** GIVEN RECORDS follows **
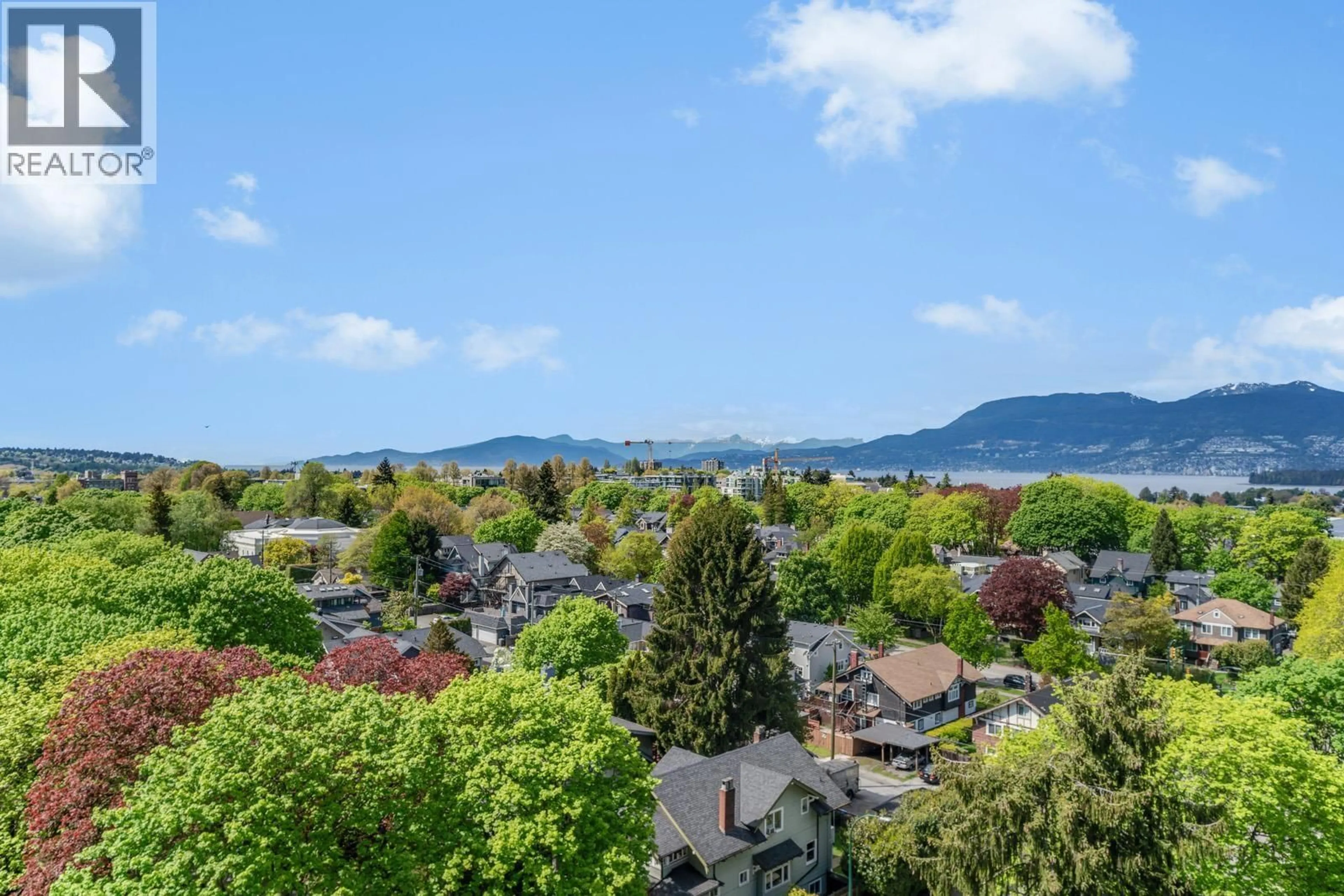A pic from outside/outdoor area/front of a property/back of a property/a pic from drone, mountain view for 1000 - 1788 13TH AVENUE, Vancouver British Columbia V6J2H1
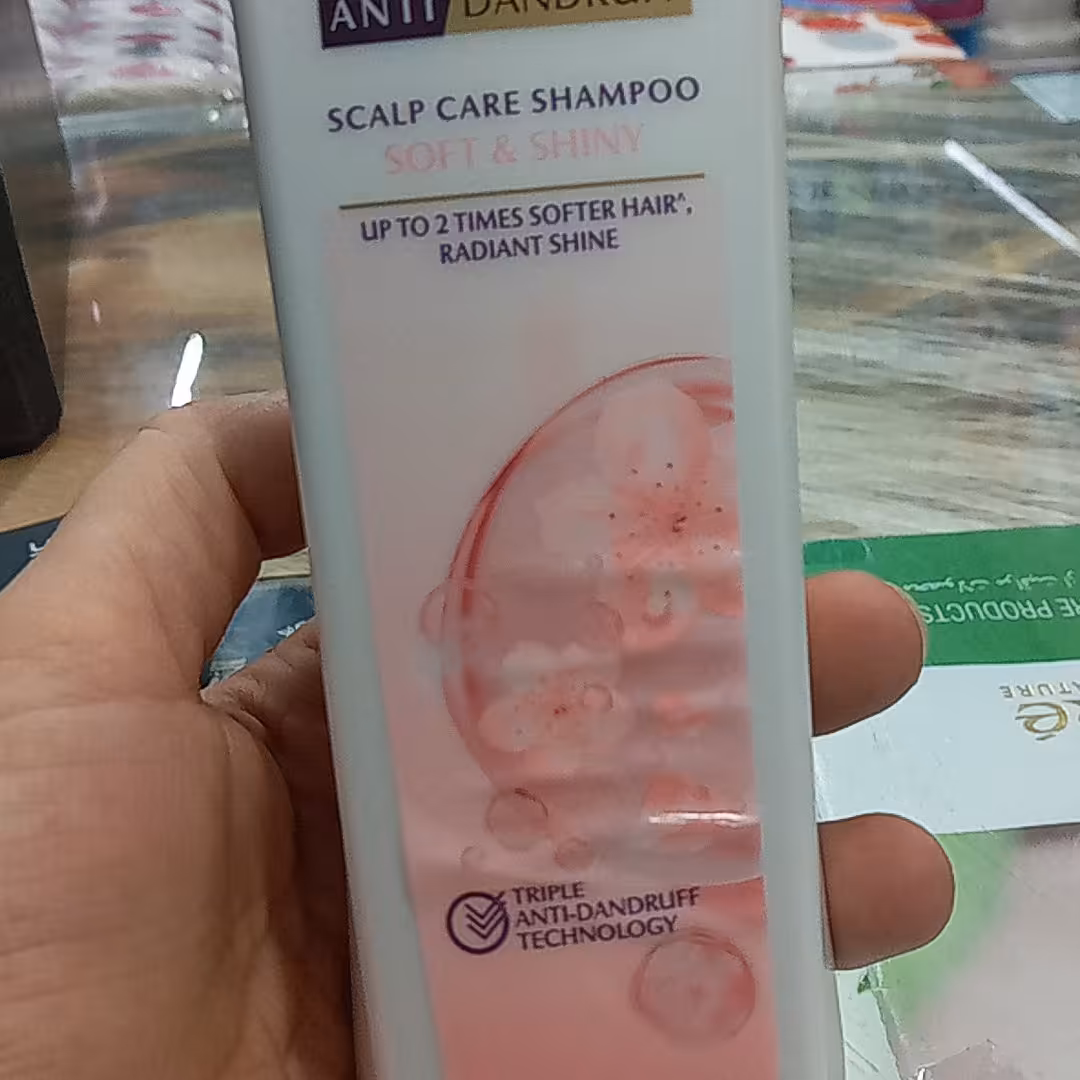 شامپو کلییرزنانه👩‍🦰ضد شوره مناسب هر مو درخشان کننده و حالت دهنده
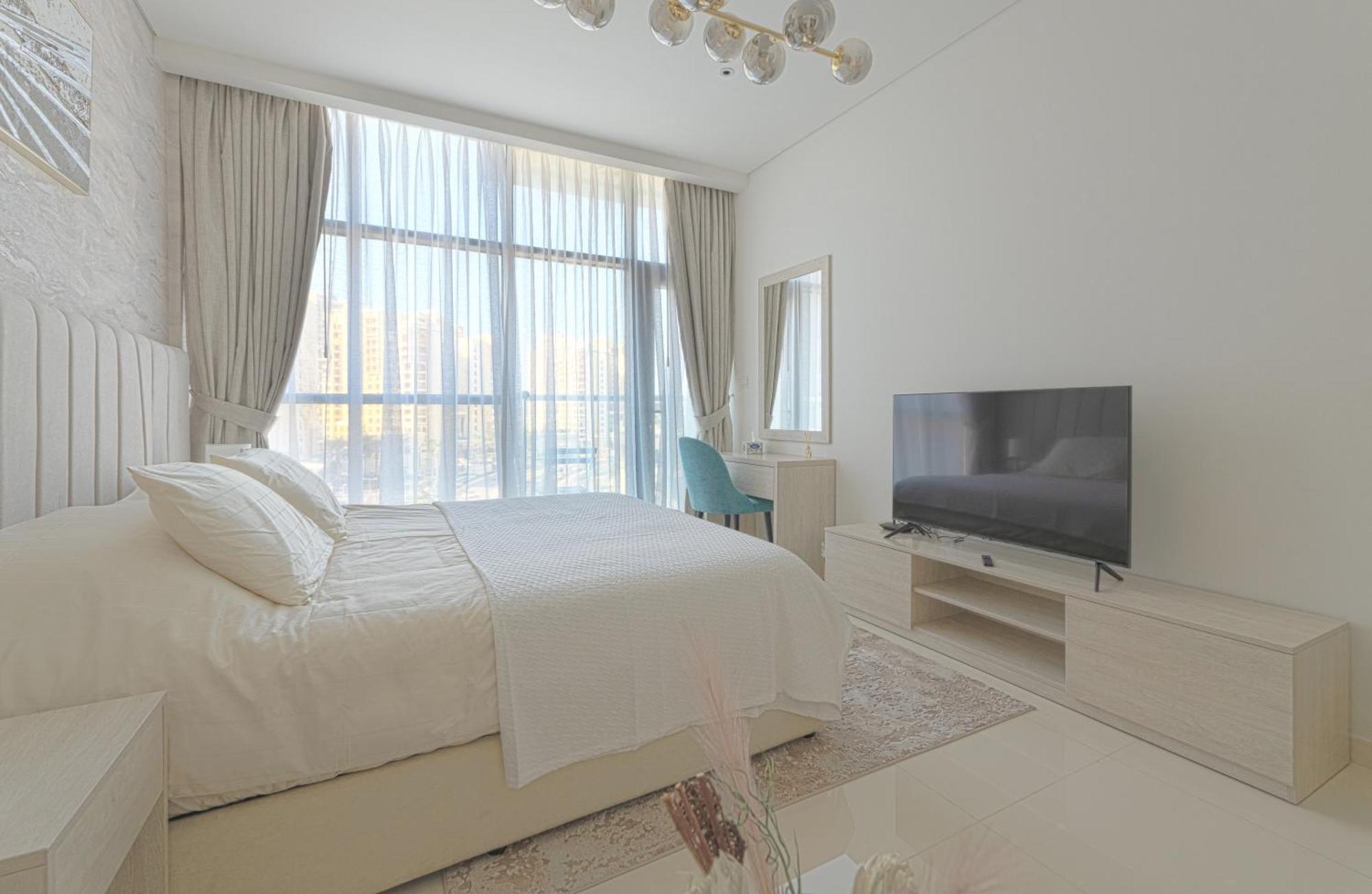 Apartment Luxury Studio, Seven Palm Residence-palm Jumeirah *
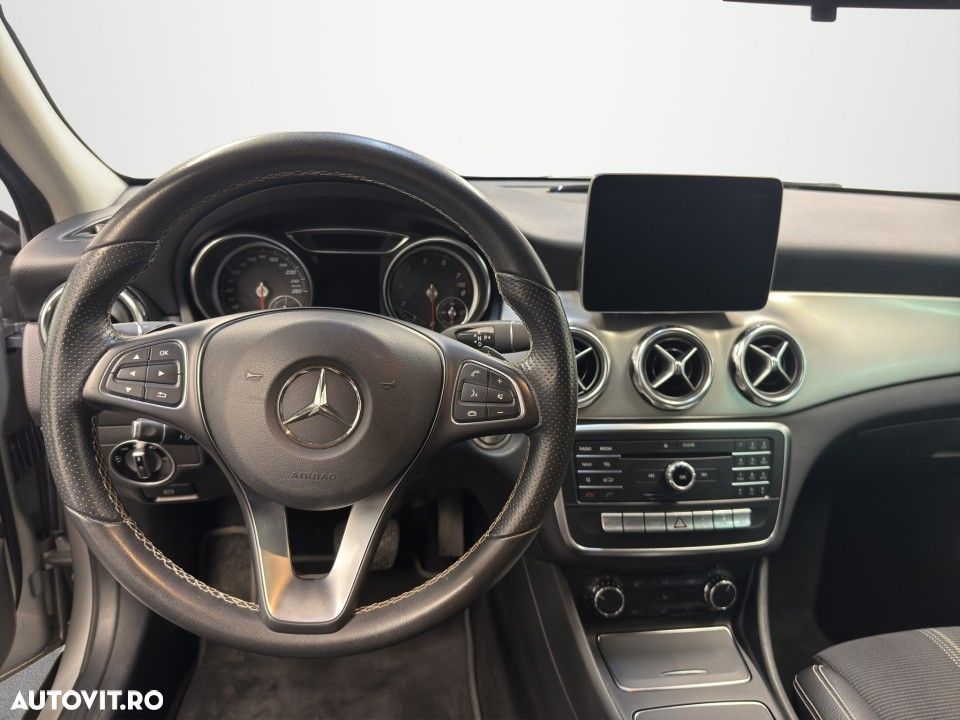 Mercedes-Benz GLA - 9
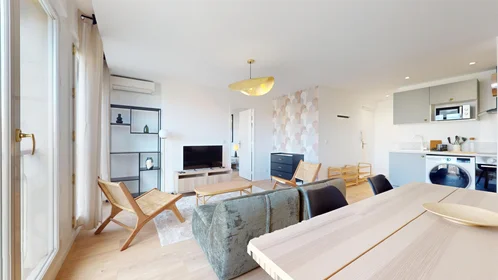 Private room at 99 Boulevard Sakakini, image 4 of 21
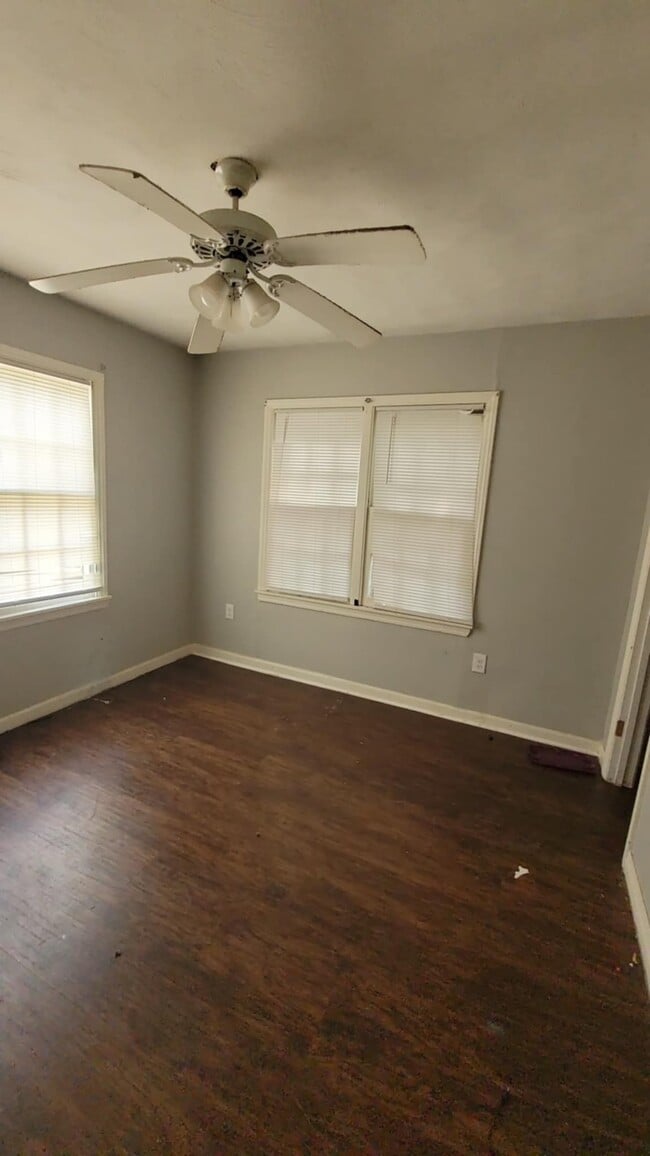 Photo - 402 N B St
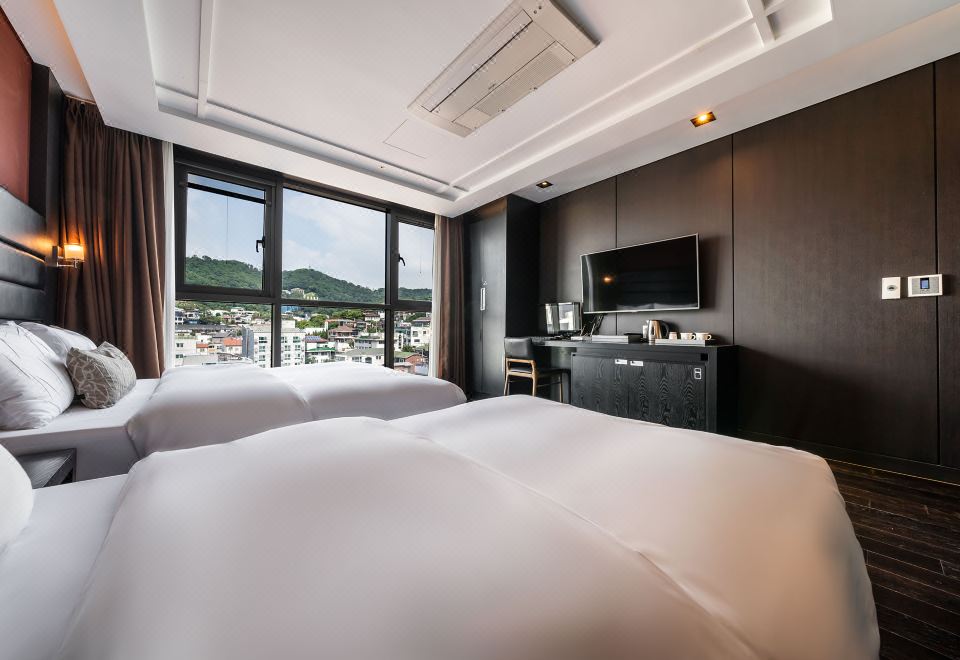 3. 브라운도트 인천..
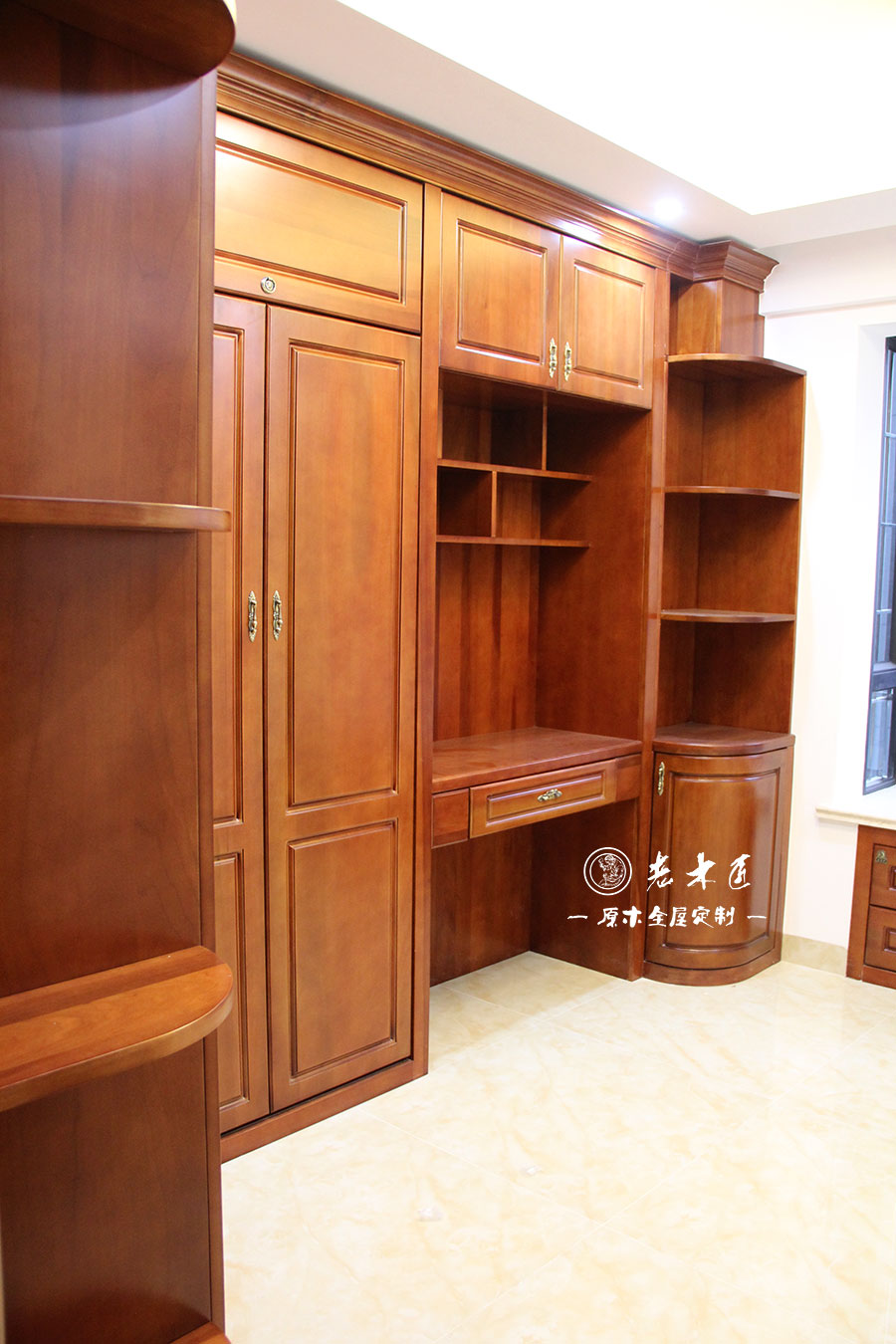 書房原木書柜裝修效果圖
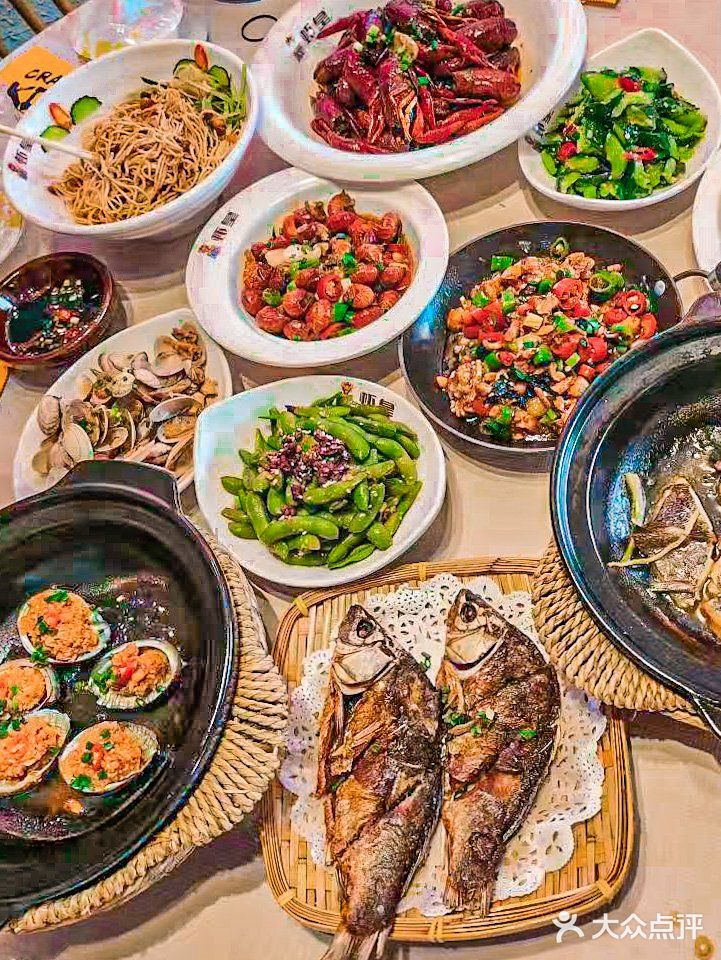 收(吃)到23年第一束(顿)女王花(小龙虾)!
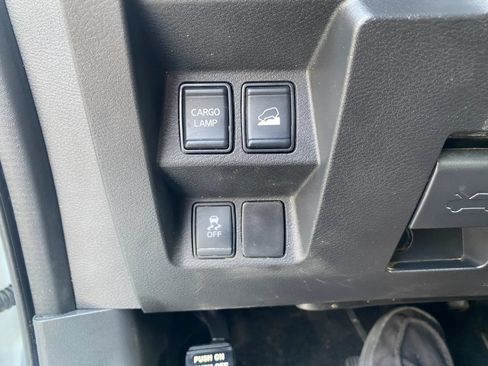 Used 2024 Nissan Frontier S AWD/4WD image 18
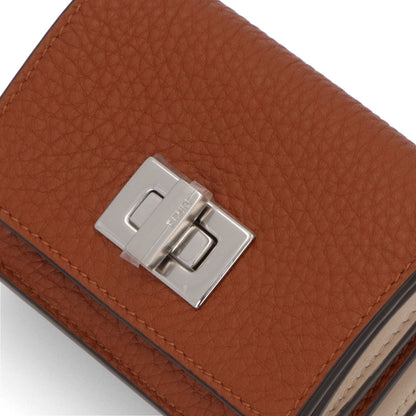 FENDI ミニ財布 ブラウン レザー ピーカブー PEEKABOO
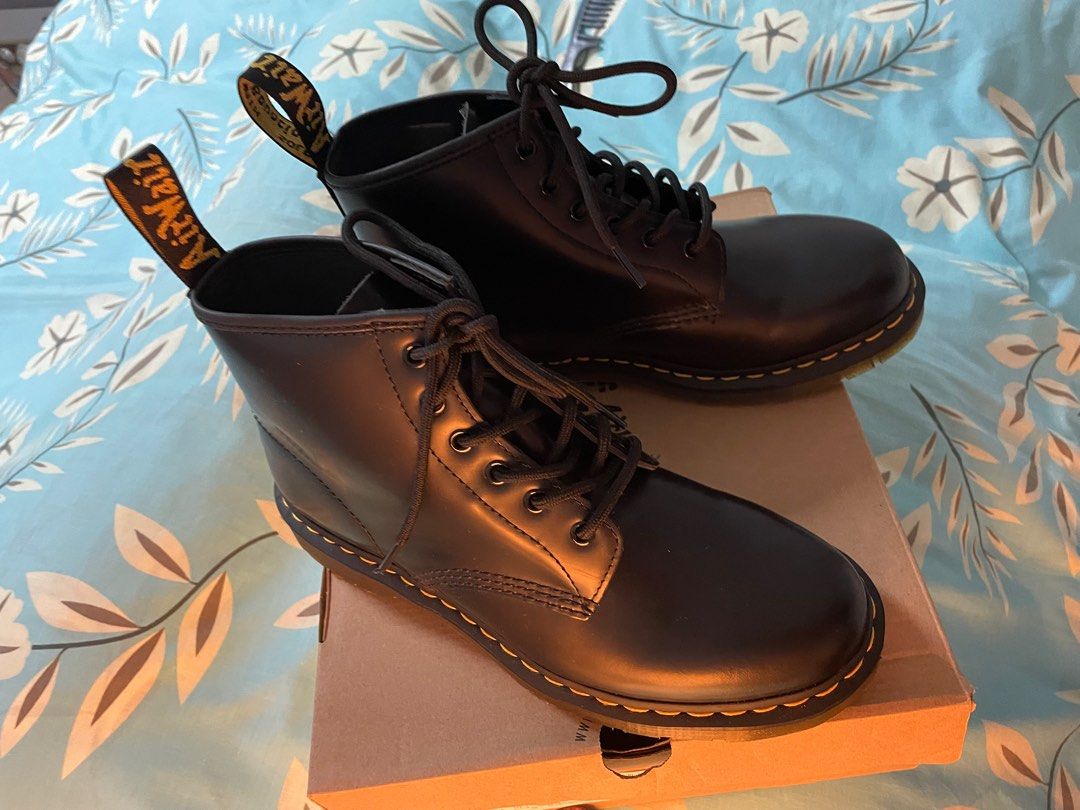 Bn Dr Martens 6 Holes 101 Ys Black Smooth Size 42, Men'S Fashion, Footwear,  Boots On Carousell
** End of GIVEN RECORDS **
_WHAT YOU HAVE TO DO:_
Please return the entries above exactly as they appear, but without the pictures.

_ANSWER FOR THIS EXERCISE:_
A pic from outside/outdoor area/front of a property/back of a property/a pic from drone, mountain view for 1000 - 1788 13TH AVENUE, Vancouver British Columbia V6J2H1
 شامپو کلییرزنانه👩‍🦰ضد شوره مناسب هر مو درخشان کننده و حالت دهنده
 Apartment Luxury Studio, Seven Palm Residence-palm Jumeirah *
 Mercedes-Benz GLA - 9
 Private room at 99 Boulevard Sakakini, image 4 of 21
 Photo - 402 N B St
 3. 브라운도트 인천..
 書房原木書柜裝修效果圖
 收(吃)到23年第一束(顿)女王花(小龙虾)!
 Used 2024 Nissan Frontier S AWD/4WD image 18
 FENDI ミニ財布 ブラウン レザー ピーカブー PEEKABOO
 Bn Dr Martens 6 Holes 101 Ys Black Smooth Size 42, Men'S Fashion, Footwear,  Boots On Carousell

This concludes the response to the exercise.